Tuesday, May 07, 2013

Talking about climate change in a hot and cold world

There's been a small burst of skepticism about the science of climate change in the media in the past few months, as if arguments usually confined to dark corners of the internet oozed out into the hallway. This was encapsulated in the well-researched but misleading article in the Economist that suggested the climate may be much less sensitive to greenhouse gases than previously thought. This emergence of skeptical arguments in the public realm is in sharp contrast to last fall, when concern about climate change was supposedly increasing, both among the media, and in opinion polls.

What has changed?

For one, the weather.

Last winter, central and eastern North America bathed in record heat, including cases where March temperature records were broken by 8 degrees Celsius. That was followed by the warmest summer in U.S. history [and, in the fall, by the sea-level rise assisted storm surge from Hurricane Sandy].

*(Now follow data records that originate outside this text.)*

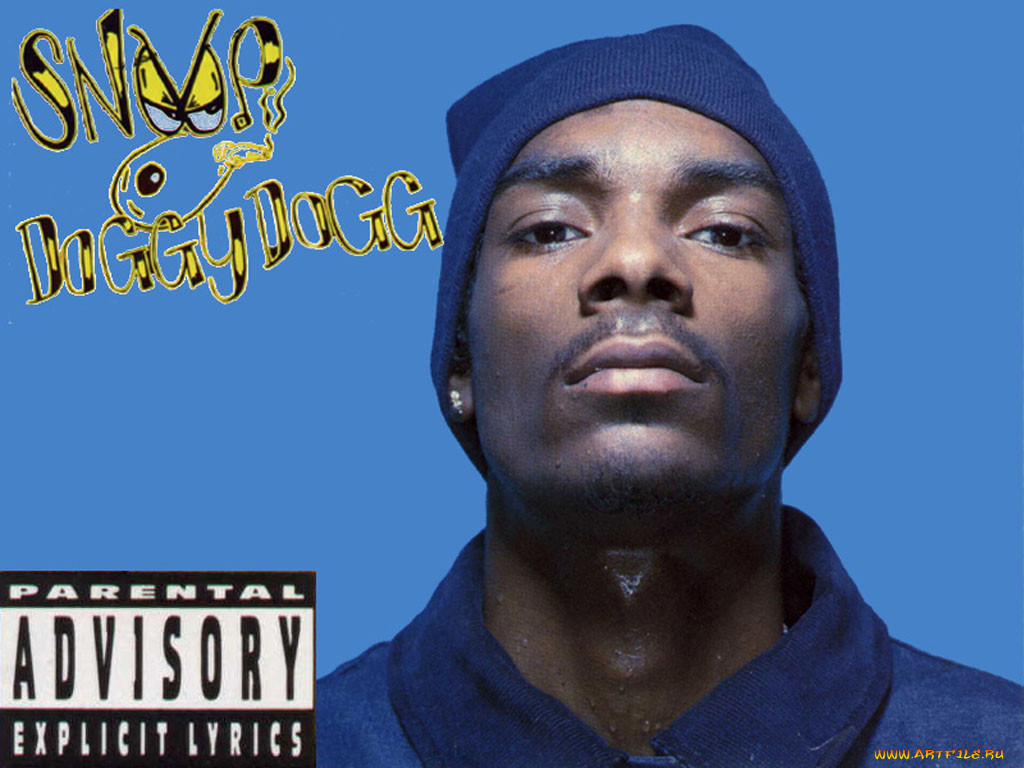 snoop, dogg, 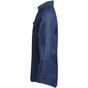 Premier Chemise denim pour homme indigo_denim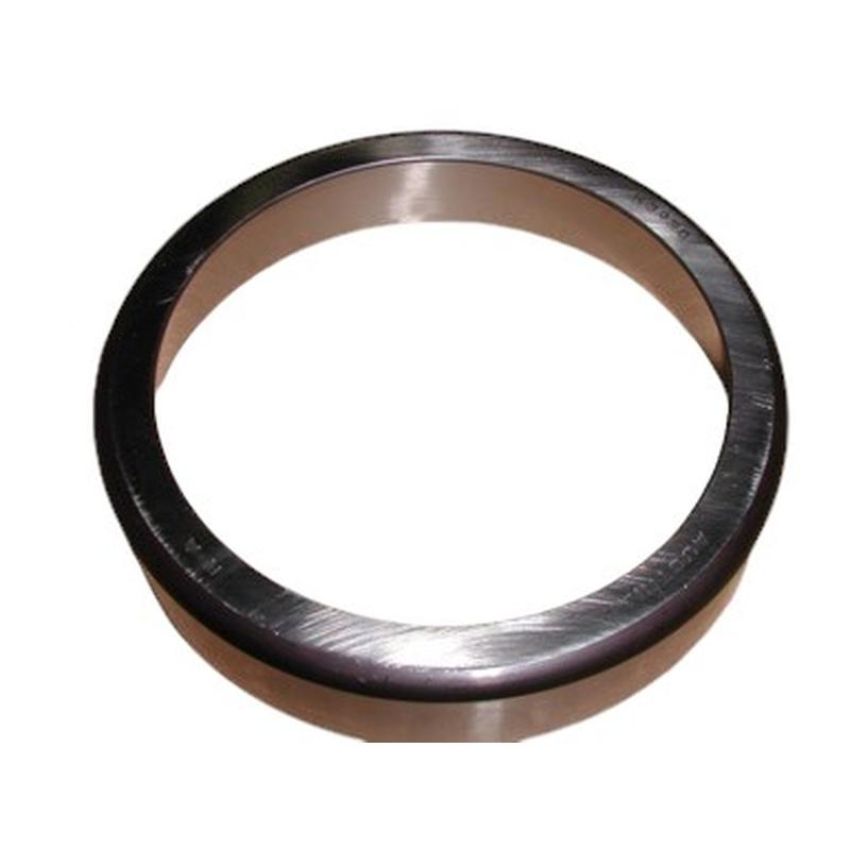 Schaeffler 3920 Schaeffler Cup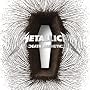 Death Magnetic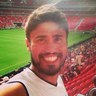 Vinicius L. V. Maia profil fotoğrafı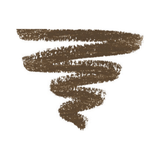 Micro Eyebrow Pencil NYX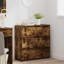 80cm W Chest of Drawers-805066011
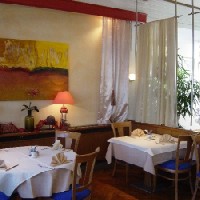 �������� - ����������� �� RCC-TRAVEL.RU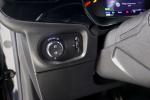 opel-corsa-2023-eletrico-500cc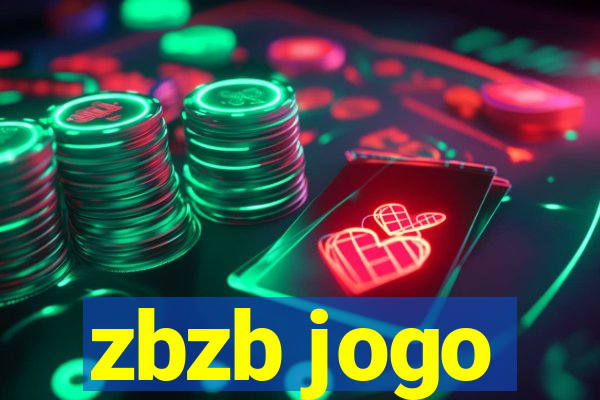 zbzb jogo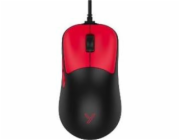 YENKEE YMS 3300RD APEX 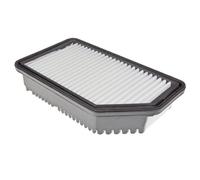 Blue Print Air Filter ADG022113 - OE Replacement, Fits Hyundai Accent, Veloster & Kia Rio Soul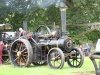 DSC05848.jpg
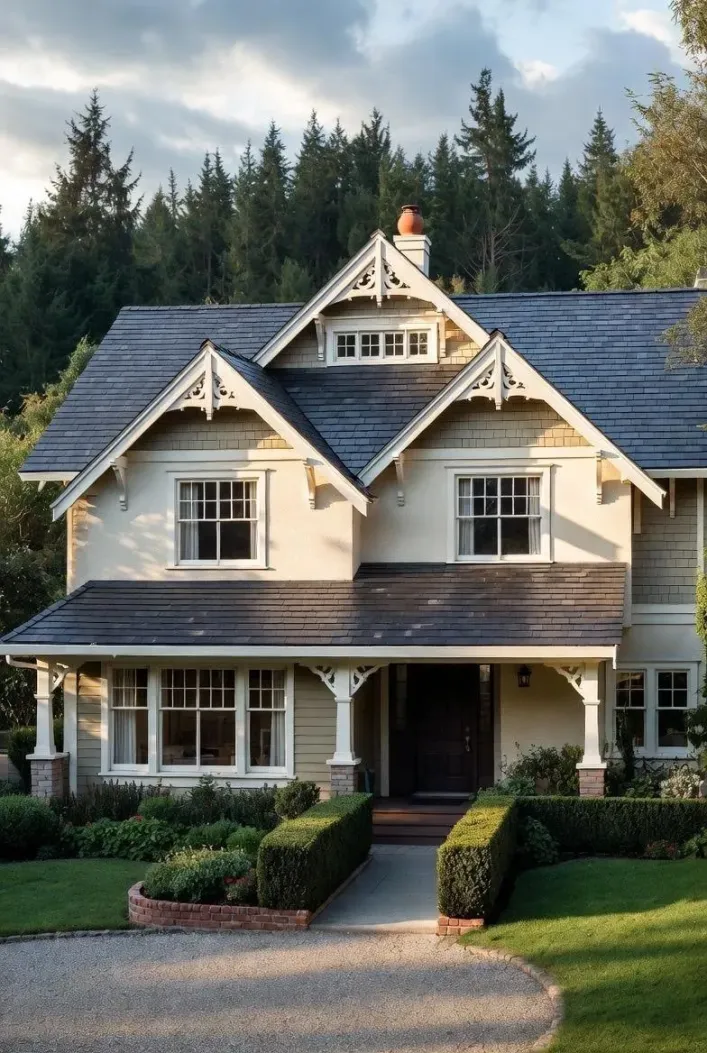 11122 80A AVENUE, Delta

Consider this quote about the U.S.:

By July... there were cover stories in news weeklies, lead articles on broadcast news programs, and hundreds of newspaper and magazine writeups appearing on the presumed connection between the heat wave and the greenhouse effect. With a few exceptions, there was very little scientific content in most of the stories. Instead, dramatic visuals of damaged crops, dried up rivers, sweltering cities, record hurricane pressures, or burning forests dominated the coverage...  

Unlike last year, this winter and early spring was cold and snowy across central and eastern North America as well as much of Europe, regions that happen to be home to much of the world's English-language prestige press, not to mention most of the loud voices on climate change.

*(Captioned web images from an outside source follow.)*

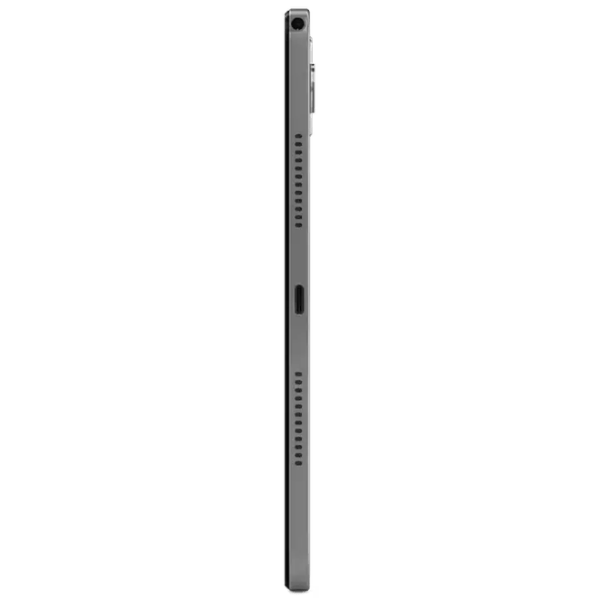 Tabletă Lenovo Tab M11 11" LTE Gray 4 GB |
128 GB | 8 MP | TB330XU photo 4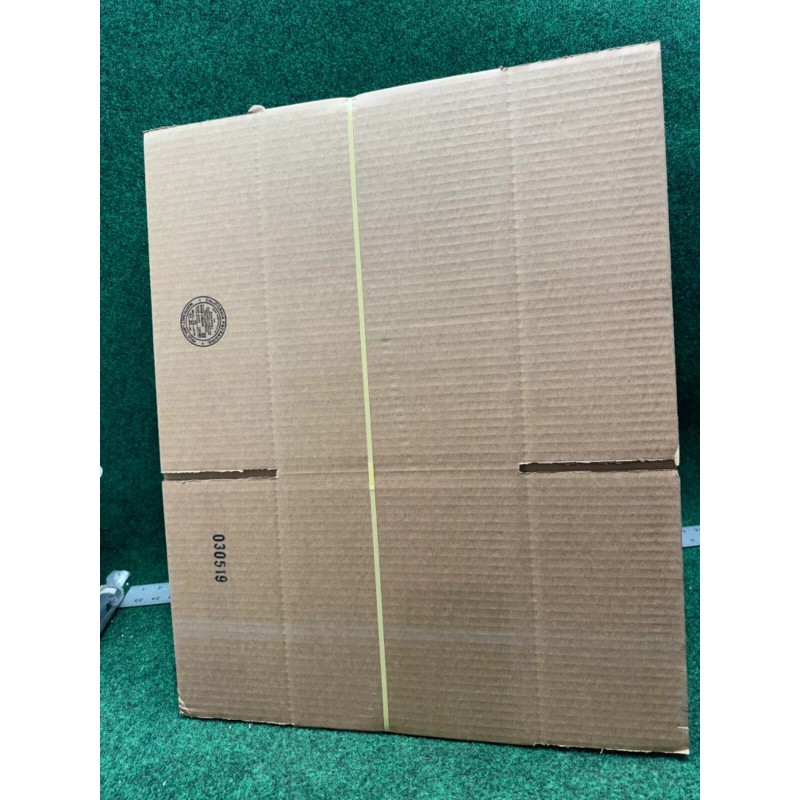 California Packaging 14x10x9 Shipping Packing Moving Boxes 25 Pack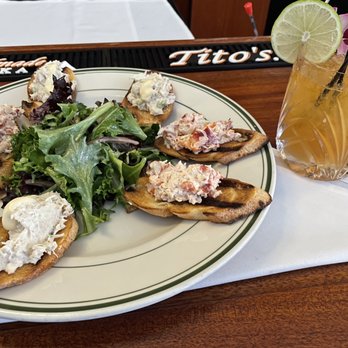 Wolfgang's Steakhouse - Seafood combo - Steakhouses Near Me - Honolulu, Hawaii Wolfgang's Steakhouse - Seafood combo - Steakhouses Near Me - Honolulu, Hawaii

A recent paper by my former student Jeremy McDaniels and I found that American attitudes about climate change tend to follow the weather. Analysing polling data and newspaper op-ed content from 1990 through 2010, we found that after periods of unusual warmth, people tend to be more convinced and more concerned about climate change. Conversely, after unusually cold periods, people's views tend to go in the opposite direction.

Let's be clear: The relationship detected in our paper does not necessarily mean that people confuse weather and climate, concluding after a cold winter that, say, global warming has stopped. The cold period may directly or indirectly lead people to revisit a meme about slowing of global warming. And it's impossible to say with any level of certainty whether this dynamic has played an important role, or any role, over the past few months. We're talking in loose terms about a single data point, and a fuzzy one at that.

Plus, I have misled you about one thing.

That quote? It was not actually from last year. It is from a 1989 Climatic Change editorial by Steve Schneider about the summer of 1988. It continues:

Better stories pointed out that there was some debate as to whether anyone could ascribe the weather events of one year to a global trend. After all, the drought in May and June was a result of an out-of-position jet stream, which diverted storms up into Canada rather than across the mid-United States... But most coverage, especially on television, had little discussion that reflected the consensus of views on what is well accepted and what is deemed speculative by most researchers. Mostly, the association of local extreme heat and drought with global warming took on a growing credibility simply from its repeated assertion. 

Sound familiar? Schneider was worried about how scientists should talk about human-caused climate change in light of the natural variability in the climate. If we talk only about the "signal" and ignore the "noise", we are not being completely forthright, and we risk confusion down the road.

Therefore, my excitement at the long-overdue public attention the greenhouse affect was finally receiving was tempered substantially by a fear that should next summer be anomalously cold and wet - by no means a remote possibility - not only could we lose the momentum of public interest, but some of our credibility as well.

Rather than just blame the media for the swings in coverage and public opinion, scientists and all the climate "activists" should recognize that they may also be at fault here. There's so much effort to talk about climate change during the heat waves, that it can create a backlash during cold spells.

The message of climate change is one of a signal emerging from the noise. Perhaps we need to talk about the signal at a more constant rate over time, rather than let our communications efforts go up and down with the noise.